Cloudflareの脅威インジケーターをリアルタイムWAFルールに変換
Turning Cloudflare’s threat indicators into real-time WAF rules
Cloudflareは、セキュリティアナリストがグローバルな脅威ランドスケープを可視化できる「Threat Events」プラットフォームを提供している。これまで、この可視性を実際の防御に繋げるには手動でのルール設定が必要だったが、今回、Cloudflareの脅威インテリジェンスをWAFエンジンに直接統合する新機能が発表された。これにより、既知の悪意あるIPアドレスや脅威アクター(例:Tycoon 2FA、RaccoonO365)をリアルタイムのインテリジェンスデータを用いてプロアクティブにブロックするWAFルールを作成できるようになった。新機能では、IPアドレスの攻撃者名、ターゲット産業、ターゲット国、攻撃タイプ、最終検知日時などの情報に基づいたルール設定が可能になる。これは、ルール設定なしでリアルタイムに一般的な攻撃パターンを識別する「Attack Signature Detection」と同様の常時稼働検知フレームワークに基づいている。Cloudforce Oneサブスクリプションを持つ顧客は、分析結果にこれらのインサイトが自動的に表示され、トラフィックパターンを確認してからブロック設定を有効化できる。将来的には、JA3フィンガープリントやドメインベースのマッチングにも対応予定。

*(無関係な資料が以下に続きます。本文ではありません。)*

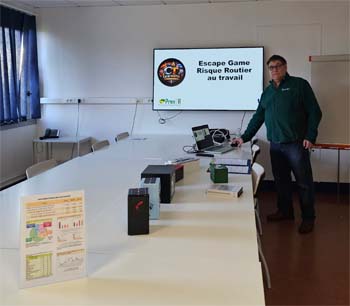 Visuel d'une installation de Escape Game risque routier sur la route du travail - reproduction interdite - Prev2r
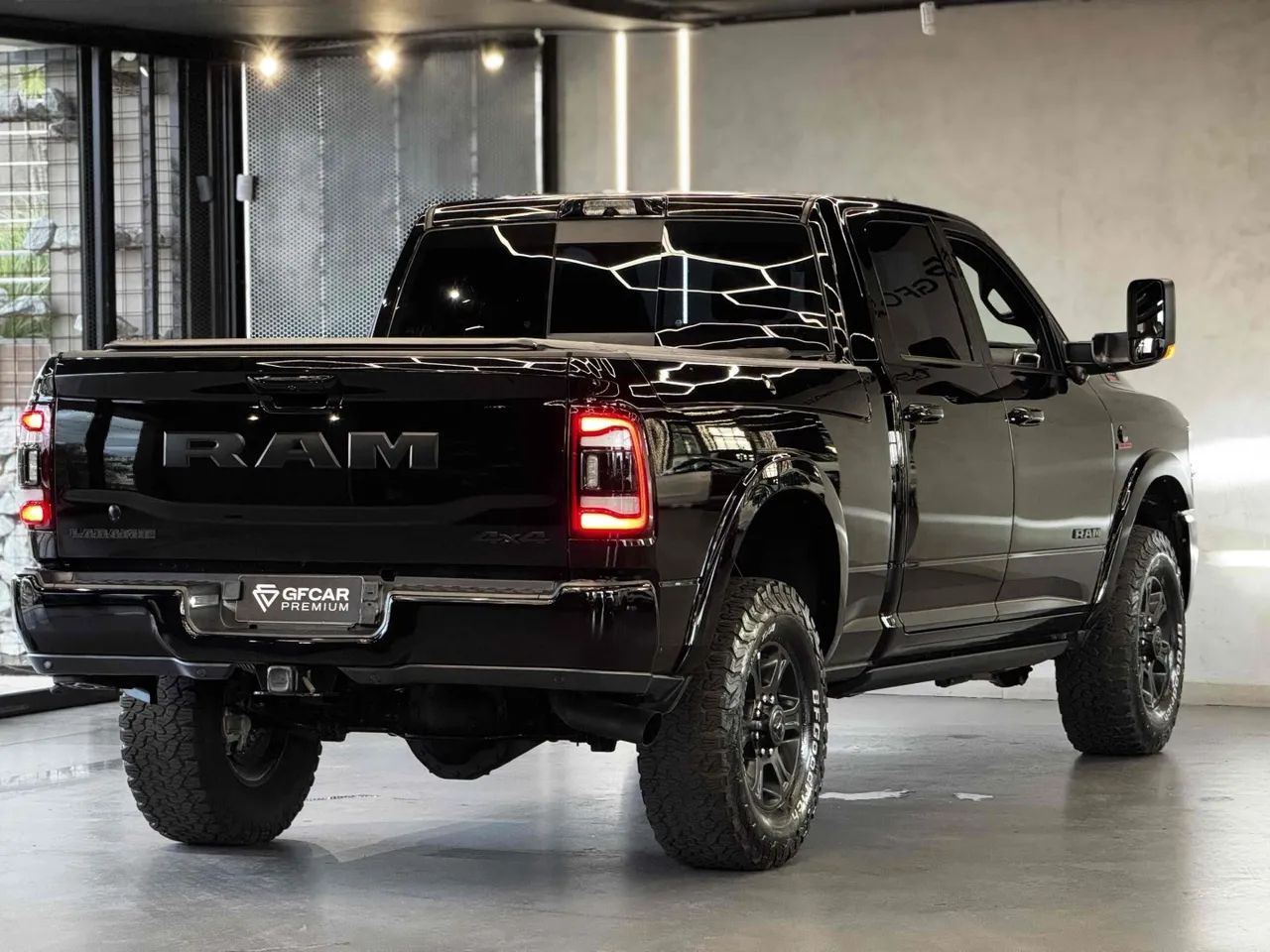 Ram 2500 2022 6.7 i6 turbo diesel night edition cd 4x4  automático - Foto 3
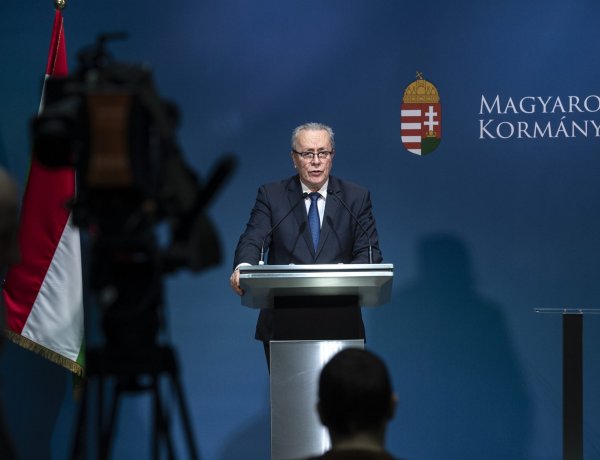 Emlékérmékkel fejezi ki tiszteletét a járvány hőseinek a Magyar Nemzeti Bank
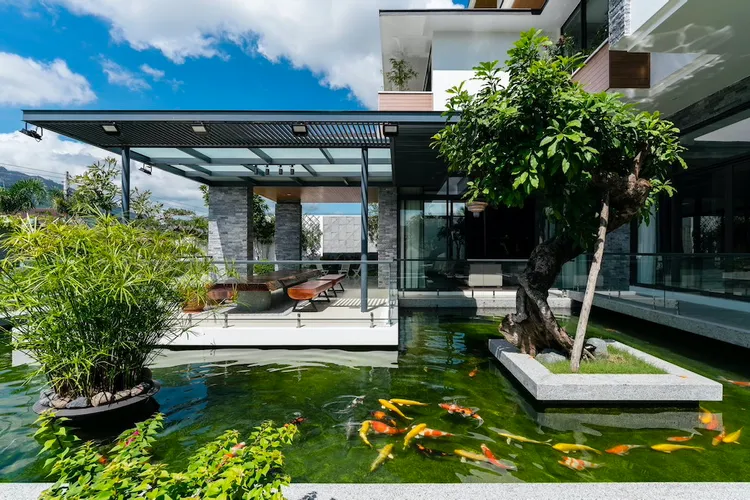 Biệt thự này là sự kết hợp hoàn hảo giữa kiến trúc độc đáo, thiết kế nội thất tinh tế và không gian xanh đầy sức sống để tạo ra một không gian sống lý tưởng cho gia đình.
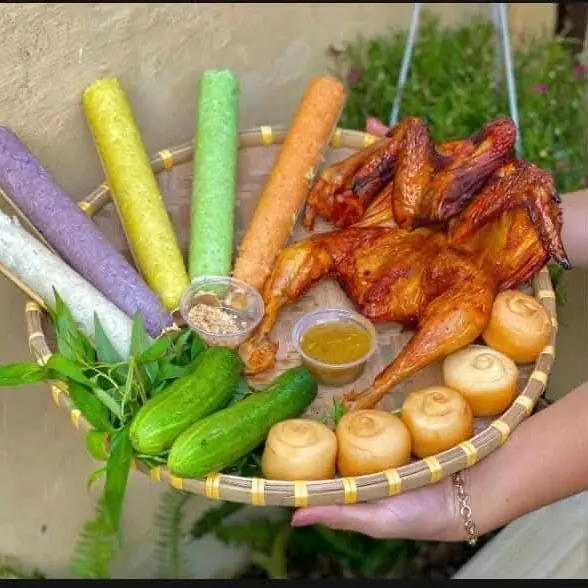Hình ảnh gà nướng + cơm lam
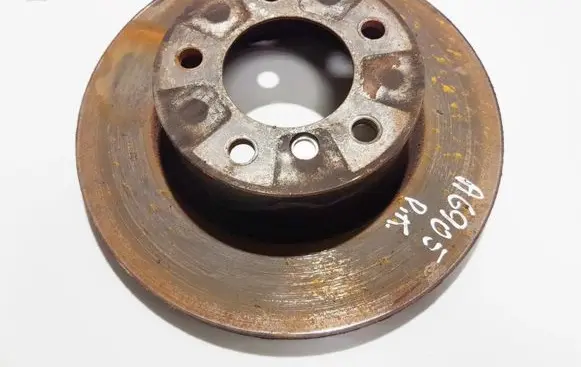 BMW 1 E81 E87 Front brake disc 6854997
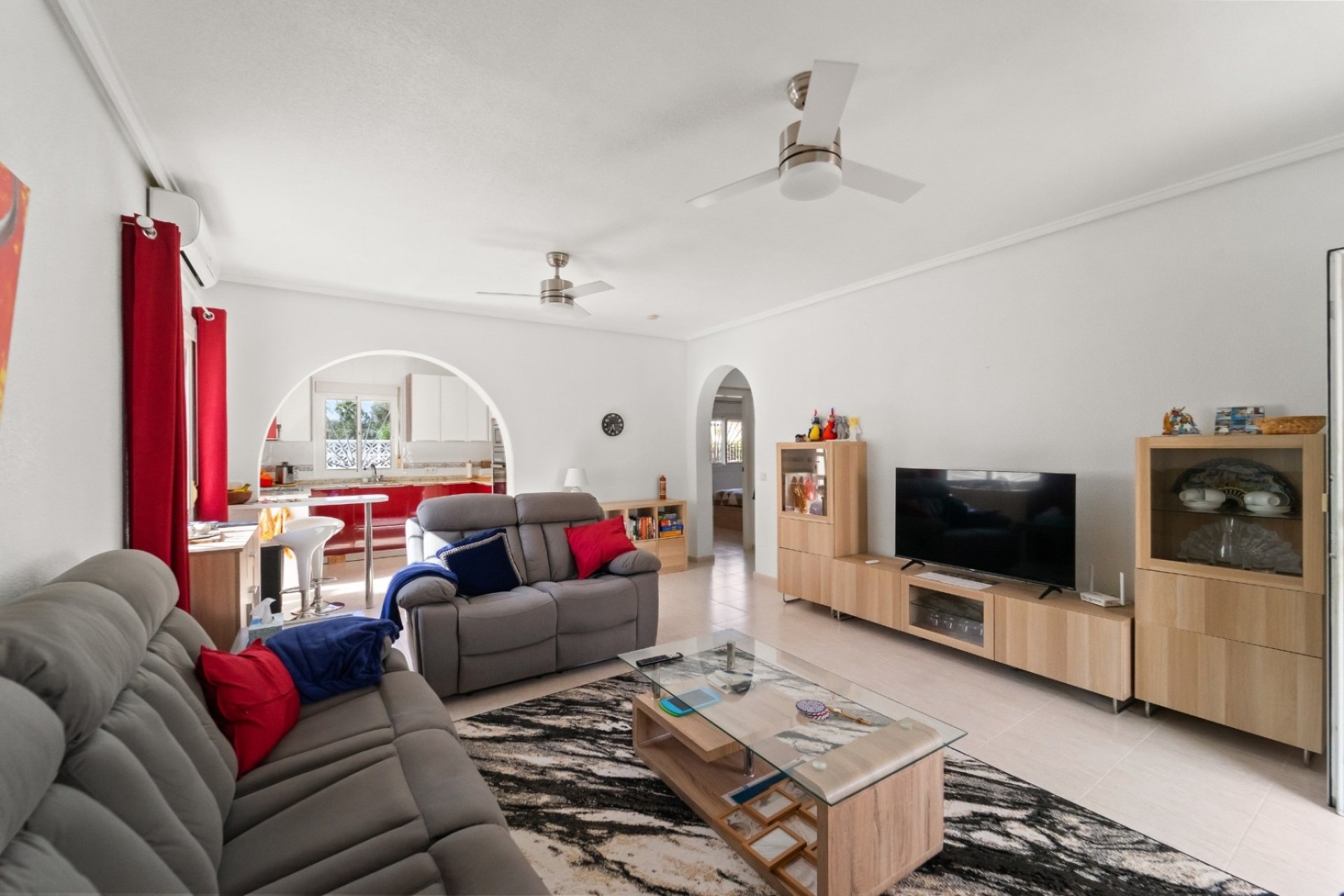 Vrijstaande woning met tuin en gemeenschappelijk zwembad in Monteazul, Benijófar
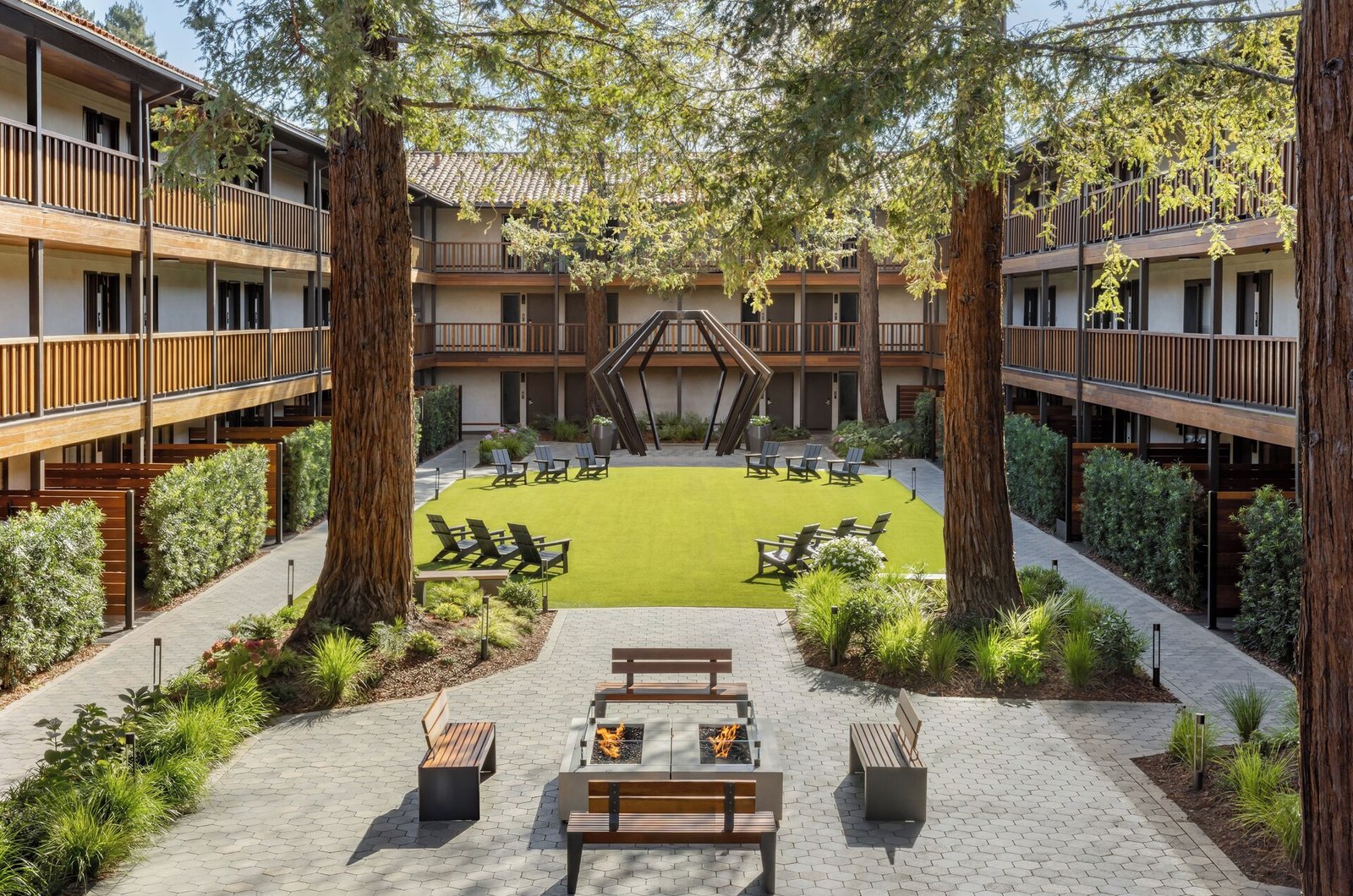 Casa Mani Resort Napa Valley, Curio Collection by Hilton, vibe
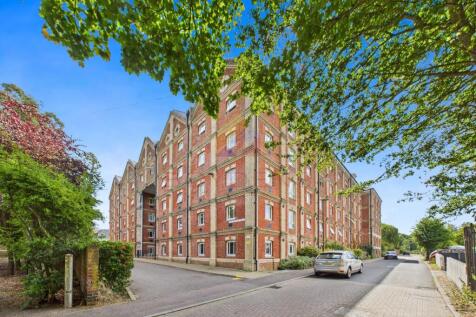 School Lane, Manningtree CO11 2 bed apartment for sale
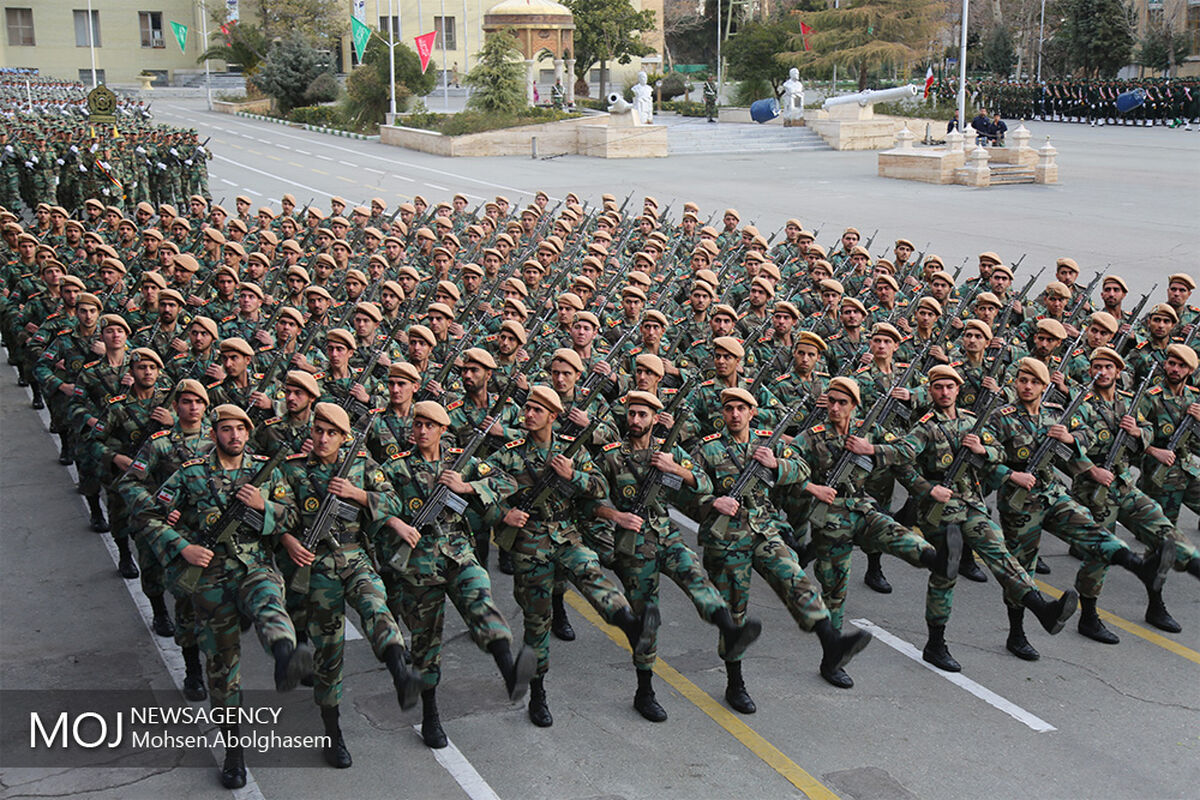 صبحگاه مشترک دانشجویان دانشگاه افسری نیروهای مسلح-سرباز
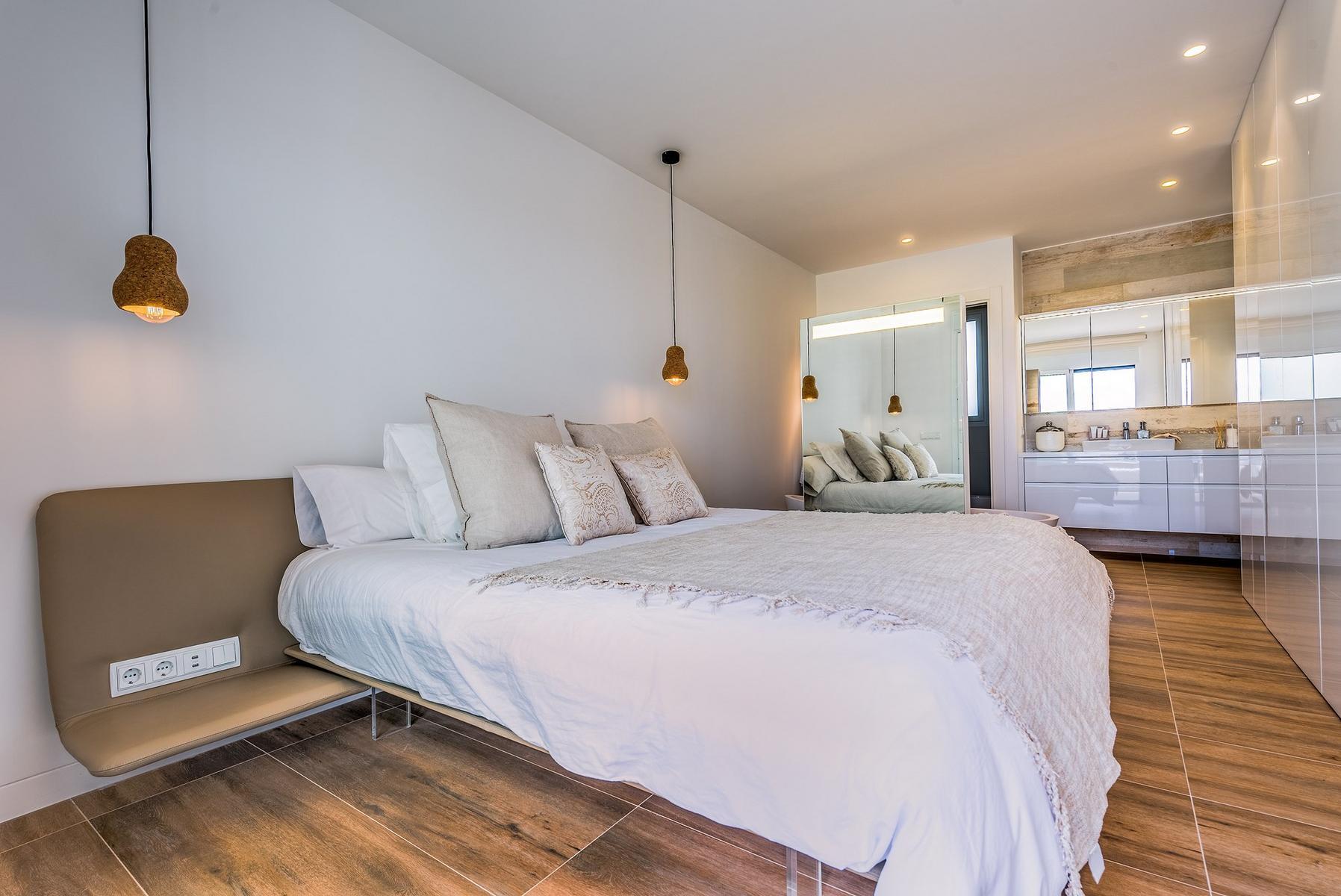 Direct light cork pendant lamp | Captain Cork by Dark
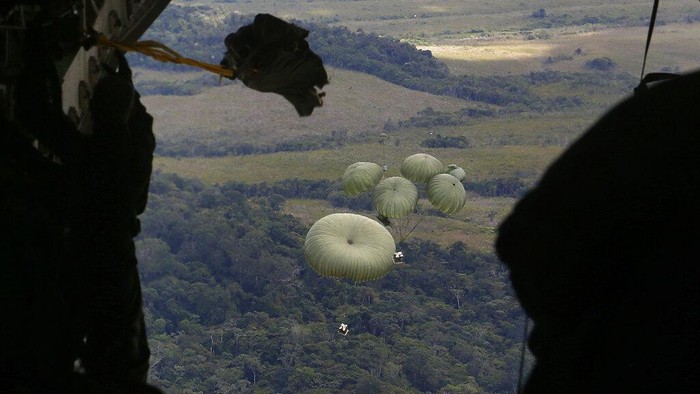 Anggota militer Brasil mengirimkan makanan untuk anak-anak masyarakat adat Yanomami yang sedang menderita gizi buruk. Makanan tersebut dikirimkan lewat udara.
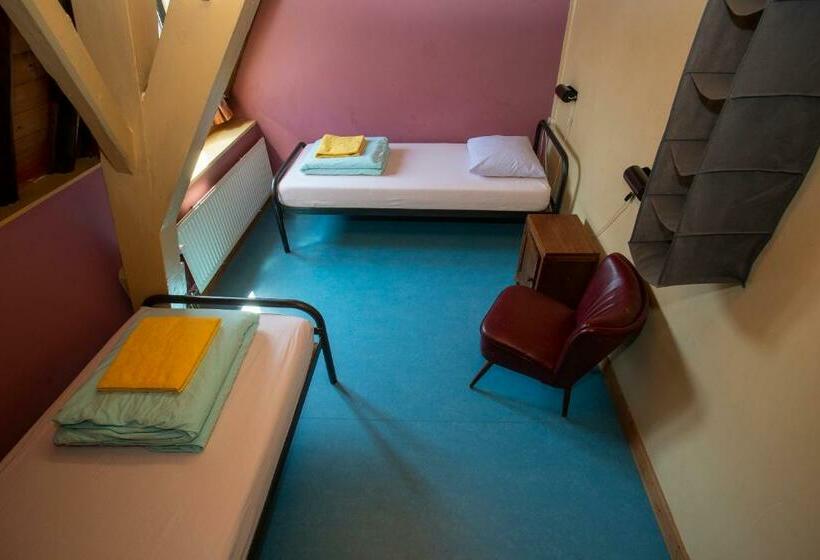 Номер Стандарт Совместная Ванная, Strowis Hostel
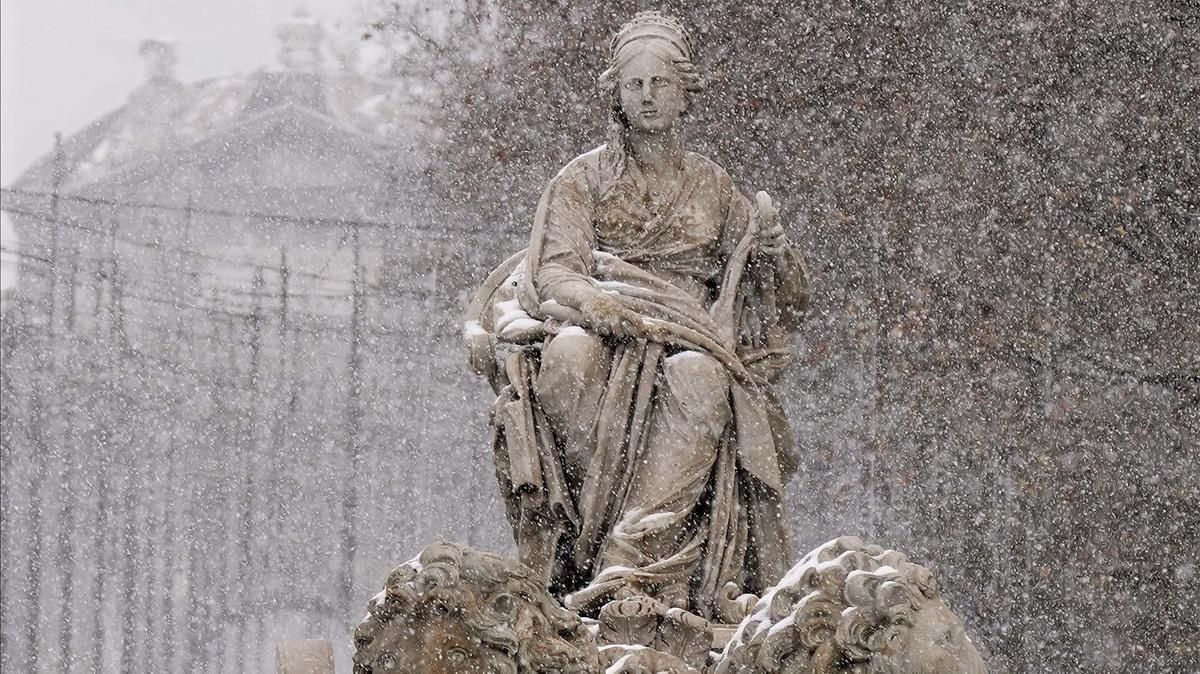 La fuente de la Cibeles, en Madrid, durante una nevada. La fuente de la Cibeles, en Madrid, durante una nevada.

新しくWAFに公開されたフィールドには、`cf.intel.ip.attacker_names`、`cf.intel.ip.target_industries`、`cf.intel.ip.attacker_countries`、`cf.intel.ip.target_countries`、`cf.intel.ip.datasets`がある。これらのフィールドは配列として扱われ、`any()`関数と`[*]`ワイルドカードを使用してルールを作成する。これらのフィールドはCloudflare APIおよびTerraformにも統合されており、インフラストラクチャ・アズ・コードでの自動化も可能。すべてのマッチはSecurity Analyticsに記録され、監査や事後分析に役立つ。この機能は、Cloudforce Oneサブスクリプションを持つ顧客向けに提供されている。
- Cloudflareが脅威インテリジェンスをWAFエンジンに直接統合し、リアルタイムで悪意あるIPをブロックする新機能を発表した
- Cloudforce Oneサブスクリプション顧客向けに提供され、高付加価値サービスの収益化が進んでいる
- Cloudflare APIおよびTerraformに対応し、インフラストラクチャ・アズ・コードでの自動化が可能になった
Cloudflareが脅威インテリジェンスをWAFに直接統合した点は、セキュリティ運用の自動化・効率化において競争優位性を高める。特に、Cloudforce Oneサブスクリプションによる有償機能であることから、高付加価値サービスの収益化が進み、ARPU向上に寄与する。また、既存顧客のロックイン効果を強め、競合他社(Akamai、Fastly、AWS Shield等)に対する差別化要因となる。インフラストラクチャ・アズ・コード対応によりDevOps/大企業顧客への訴求力が増す点も、中長期的な成長ドライバーとして注目すべきである。